Cruise trade group lauds permanent ban of large ships in Venice

Large ships no longer can cruise the Guidecca Canal.
Large ships no longer can cruise the Guidecca Canal. Photo Credit: Don Mammoser/Shutterstock

CLIA said the recent move of permanently banning large cruise large ships from transiting through the heart of Venice is a step forward for the industry. The previous ban of large ships was temporary.

The decision, made by a government panel called the Comitatone, will set up a docking area in nearby Marghera for ships larger than 98,000 gross tons.

"CLIA welcomes the decision of the Comitatone, which meets our twin goals of the long-term protection of Venice's heritage and an assured future for the valuable cruise economy of Venice and the Adriatic," CLIA said. "We are very happy that the authorities have confirmed our long-held belief in the viability of the Vittorio Emanuele channel, which will allow larger ships to avoid the San Marco entry, and also the longer-term Marghera solution."

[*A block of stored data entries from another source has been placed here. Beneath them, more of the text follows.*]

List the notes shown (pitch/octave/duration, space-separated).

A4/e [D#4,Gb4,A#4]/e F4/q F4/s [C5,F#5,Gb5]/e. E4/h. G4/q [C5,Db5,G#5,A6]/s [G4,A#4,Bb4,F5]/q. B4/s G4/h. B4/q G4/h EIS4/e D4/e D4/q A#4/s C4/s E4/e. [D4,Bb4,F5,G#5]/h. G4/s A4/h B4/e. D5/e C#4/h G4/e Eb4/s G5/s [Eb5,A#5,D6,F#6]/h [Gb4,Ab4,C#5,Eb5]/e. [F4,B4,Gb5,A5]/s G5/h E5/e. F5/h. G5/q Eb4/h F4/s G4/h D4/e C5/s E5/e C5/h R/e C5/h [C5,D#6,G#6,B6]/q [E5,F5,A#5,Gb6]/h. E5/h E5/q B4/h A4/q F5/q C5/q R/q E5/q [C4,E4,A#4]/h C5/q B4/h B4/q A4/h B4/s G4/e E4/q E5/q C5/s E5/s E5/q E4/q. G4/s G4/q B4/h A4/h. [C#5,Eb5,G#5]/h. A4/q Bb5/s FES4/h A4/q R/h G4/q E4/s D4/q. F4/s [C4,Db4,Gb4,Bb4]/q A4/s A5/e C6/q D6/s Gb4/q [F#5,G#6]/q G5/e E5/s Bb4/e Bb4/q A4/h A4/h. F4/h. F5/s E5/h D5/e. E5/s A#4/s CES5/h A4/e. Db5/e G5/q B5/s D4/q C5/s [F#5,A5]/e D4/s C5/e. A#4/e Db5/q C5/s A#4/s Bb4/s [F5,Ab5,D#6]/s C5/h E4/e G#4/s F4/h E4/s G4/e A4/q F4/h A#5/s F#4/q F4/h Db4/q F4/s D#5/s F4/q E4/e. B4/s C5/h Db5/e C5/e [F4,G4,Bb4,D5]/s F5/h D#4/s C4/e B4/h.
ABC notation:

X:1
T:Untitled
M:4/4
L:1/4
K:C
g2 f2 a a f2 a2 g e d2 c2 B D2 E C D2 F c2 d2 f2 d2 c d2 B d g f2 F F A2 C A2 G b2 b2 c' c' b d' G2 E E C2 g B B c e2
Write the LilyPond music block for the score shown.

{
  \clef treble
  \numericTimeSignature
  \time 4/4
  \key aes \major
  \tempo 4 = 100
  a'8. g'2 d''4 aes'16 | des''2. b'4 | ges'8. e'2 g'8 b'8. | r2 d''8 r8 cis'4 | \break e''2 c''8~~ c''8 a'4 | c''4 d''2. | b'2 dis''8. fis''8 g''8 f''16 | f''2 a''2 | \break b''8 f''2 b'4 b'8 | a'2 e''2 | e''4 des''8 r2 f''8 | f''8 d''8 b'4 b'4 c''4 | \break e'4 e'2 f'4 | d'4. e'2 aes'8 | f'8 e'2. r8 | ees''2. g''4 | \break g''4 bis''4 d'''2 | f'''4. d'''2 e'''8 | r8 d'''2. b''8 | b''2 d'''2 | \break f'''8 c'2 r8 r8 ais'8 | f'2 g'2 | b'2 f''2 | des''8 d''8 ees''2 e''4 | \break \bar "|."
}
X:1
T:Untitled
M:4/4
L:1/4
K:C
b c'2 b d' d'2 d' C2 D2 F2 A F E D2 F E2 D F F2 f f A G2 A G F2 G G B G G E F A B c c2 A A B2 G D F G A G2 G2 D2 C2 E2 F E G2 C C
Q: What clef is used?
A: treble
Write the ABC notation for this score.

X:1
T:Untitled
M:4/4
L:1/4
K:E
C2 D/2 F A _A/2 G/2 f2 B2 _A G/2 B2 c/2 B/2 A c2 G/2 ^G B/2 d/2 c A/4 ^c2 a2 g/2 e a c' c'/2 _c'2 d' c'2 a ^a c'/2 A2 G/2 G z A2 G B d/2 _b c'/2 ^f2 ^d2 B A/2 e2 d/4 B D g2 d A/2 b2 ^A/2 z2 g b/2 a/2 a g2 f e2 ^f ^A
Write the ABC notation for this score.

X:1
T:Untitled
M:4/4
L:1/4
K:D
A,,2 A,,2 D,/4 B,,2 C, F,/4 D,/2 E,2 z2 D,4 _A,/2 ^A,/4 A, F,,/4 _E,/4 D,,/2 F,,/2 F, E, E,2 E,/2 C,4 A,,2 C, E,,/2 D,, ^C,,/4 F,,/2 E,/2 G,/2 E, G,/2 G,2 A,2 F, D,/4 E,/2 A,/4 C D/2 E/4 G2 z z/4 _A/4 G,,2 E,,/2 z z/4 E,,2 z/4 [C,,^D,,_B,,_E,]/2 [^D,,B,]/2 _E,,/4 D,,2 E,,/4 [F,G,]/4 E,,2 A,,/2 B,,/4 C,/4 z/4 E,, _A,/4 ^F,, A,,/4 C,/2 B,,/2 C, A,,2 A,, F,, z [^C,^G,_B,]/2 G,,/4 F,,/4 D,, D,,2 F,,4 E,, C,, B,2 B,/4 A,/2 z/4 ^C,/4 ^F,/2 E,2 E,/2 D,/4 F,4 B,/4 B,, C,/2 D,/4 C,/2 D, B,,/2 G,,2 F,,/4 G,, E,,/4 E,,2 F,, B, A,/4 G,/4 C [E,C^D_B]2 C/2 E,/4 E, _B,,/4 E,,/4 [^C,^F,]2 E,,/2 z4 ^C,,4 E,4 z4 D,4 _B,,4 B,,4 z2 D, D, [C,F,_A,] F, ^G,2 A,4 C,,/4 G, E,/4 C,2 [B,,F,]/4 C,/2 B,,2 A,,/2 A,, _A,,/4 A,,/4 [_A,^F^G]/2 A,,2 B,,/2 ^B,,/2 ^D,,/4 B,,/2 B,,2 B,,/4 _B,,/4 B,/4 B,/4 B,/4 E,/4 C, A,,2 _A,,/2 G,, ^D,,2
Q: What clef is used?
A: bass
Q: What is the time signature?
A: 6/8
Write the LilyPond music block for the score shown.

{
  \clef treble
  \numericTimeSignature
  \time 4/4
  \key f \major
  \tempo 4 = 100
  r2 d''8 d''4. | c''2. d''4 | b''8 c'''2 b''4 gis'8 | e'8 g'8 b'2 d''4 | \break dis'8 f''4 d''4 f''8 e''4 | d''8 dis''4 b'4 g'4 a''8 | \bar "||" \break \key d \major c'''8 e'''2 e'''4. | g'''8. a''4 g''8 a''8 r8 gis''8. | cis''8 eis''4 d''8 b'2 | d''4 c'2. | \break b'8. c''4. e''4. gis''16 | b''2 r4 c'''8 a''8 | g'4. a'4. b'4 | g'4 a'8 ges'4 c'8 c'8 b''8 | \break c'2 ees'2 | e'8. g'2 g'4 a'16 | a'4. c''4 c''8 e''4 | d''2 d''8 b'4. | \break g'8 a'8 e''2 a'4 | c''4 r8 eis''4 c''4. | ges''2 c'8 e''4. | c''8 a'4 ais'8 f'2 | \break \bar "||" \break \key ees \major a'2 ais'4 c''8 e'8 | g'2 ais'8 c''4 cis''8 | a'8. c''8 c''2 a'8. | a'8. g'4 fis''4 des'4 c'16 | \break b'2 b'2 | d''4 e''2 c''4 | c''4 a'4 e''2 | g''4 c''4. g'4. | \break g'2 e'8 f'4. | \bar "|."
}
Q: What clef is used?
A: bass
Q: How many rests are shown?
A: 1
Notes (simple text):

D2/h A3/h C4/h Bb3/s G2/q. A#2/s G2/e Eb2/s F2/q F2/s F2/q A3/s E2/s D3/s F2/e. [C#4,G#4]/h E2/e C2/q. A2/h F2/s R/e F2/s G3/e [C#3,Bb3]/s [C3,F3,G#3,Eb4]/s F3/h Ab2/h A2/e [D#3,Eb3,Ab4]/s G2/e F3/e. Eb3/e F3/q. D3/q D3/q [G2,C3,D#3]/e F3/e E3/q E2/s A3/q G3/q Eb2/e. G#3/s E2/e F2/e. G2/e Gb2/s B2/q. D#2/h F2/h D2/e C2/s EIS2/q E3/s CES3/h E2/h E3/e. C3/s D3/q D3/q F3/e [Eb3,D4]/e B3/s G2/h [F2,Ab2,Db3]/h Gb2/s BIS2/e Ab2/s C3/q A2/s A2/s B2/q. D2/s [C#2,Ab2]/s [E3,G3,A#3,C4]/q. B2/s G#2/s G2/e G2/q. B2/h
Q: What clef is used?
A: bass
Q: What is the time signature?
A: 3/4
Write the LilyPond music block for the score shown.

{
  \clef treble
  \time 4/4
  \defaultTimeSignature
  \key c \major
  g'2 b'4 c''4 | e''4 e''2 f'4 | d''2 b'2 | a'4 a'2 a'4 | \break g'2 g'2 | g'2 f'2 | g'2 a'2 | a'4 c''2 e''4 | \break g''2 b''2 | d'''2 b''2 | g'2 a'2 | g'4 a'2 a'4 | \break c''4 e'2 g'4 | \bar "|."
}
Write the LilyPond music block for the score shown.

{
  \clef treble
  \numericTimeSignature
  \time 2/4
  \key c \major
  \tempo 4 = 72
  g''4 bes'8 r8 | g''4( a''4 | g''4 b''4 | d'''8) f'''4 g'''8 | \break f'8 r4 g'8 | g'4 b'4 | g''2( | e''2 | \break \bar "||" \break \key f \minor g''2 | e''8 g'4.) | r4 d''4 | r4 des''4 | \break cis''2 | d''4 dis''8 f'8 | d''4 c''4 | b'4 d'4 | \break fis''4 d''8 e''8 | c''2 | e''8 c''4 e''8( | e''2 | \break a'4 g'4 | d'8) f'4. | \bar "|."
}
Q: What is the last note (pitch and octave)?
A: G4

The decision, and CLIA's endorsement, seems to settle the controversy that has plagued the cruise industry in Venice for several years. Activists had mounted protests against large ships, particularly their use of a route through San Marco and the Giudecca Canal to reach the established Venice passenger terminal. That route will now be open only to smaller cruise ships.

Marghera is an industrial area about 15 minutes from Venice proper. Building a suitable terminal there is expected to take four years.